Ich gehe dabei immer so vor dass ich mein Programm lade, danach übersetze ich vorsichtshalber nochmal! Danach starte ich die simulation und dann brauch ich nur noch den Start Button drücken in ecockpit! Da geht die Sps aber in stop und sie ist rot(also in der simulation) 
Habe eine projektaktualisierung durchgeführt sowie den Compiler danach umgestellt! 
Daraufhin habe ich spaßeshalber mal ein neues Projekt geschrieben mit Lampe und Taster und das ganze kurz versucht zu simulieren, aber genau der gleiche Fehler! 
Hat jemand die gleichen Probleme schon gehabt?


----------



## ccore (9 August 2022)

Wird dir den keine Meldung angezeigt?

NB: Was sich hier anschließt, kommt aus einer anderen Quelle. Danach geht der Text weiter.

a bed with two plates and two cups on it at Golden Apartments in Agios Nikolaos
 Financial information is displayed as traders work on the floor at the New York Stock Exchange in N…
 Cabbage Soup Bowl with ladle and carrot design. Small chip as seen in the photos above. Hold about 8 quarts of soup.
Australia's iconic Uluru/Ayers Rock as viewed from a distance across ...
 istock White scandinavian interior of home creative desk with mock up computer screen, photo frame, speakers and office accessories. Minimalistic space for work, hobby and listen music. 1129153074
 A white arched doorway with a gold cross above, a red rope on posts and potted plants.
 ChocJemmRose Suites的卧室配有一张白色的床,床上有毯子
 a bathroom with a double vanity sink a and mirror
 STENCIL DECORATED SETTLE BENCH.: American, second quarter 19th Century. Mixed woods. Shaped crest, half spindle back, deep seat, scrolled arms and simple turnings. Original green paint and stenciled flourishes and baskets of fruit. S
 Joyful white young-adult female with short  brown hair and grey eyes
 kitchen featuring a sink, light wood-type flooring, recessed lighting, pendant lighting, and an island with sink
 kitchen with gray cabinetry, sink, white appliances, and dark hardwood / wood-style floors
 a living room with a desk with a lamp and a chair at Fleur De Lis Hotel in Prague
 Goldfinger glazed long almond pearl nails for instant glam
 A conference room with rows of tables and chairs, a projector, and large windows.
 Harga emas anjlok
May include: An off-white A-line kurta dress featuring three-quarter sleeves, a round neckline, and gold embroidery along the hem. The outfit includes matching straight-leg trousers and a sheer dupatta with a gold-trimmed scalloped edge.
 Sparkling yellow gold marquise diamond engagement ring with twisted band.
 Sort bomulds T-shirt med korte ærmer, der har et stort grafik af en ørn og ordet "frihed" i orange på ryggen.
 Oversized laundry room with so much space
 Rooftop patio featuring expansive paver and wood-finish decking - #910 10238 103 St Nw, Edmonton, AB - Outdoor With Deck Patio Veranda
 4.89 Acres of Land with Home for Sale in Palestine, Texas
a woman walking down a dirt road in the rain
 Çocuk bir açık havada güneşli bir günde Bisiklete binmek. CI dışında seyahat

Wenn du die Simulation startest, und sie gleich wieder stoppt, hört sich das nache einem Fehler an. Der wird auch eigentlich in den Meldungen angezeigt oder an den "Statusbalken" neben deiner Application. Kannst du mal einen Screenshot machen?


----------



## .:WAGO::018636:. (9 August 2022)

Hallo Ka-Adler,
bei der Installation von e!COCKPIT kann man sich die Neuigkeiten anzeigen lassen.
Dort ist direkt nach der Startseite die eingeschränkte Nutzung der Simulation beschrieben.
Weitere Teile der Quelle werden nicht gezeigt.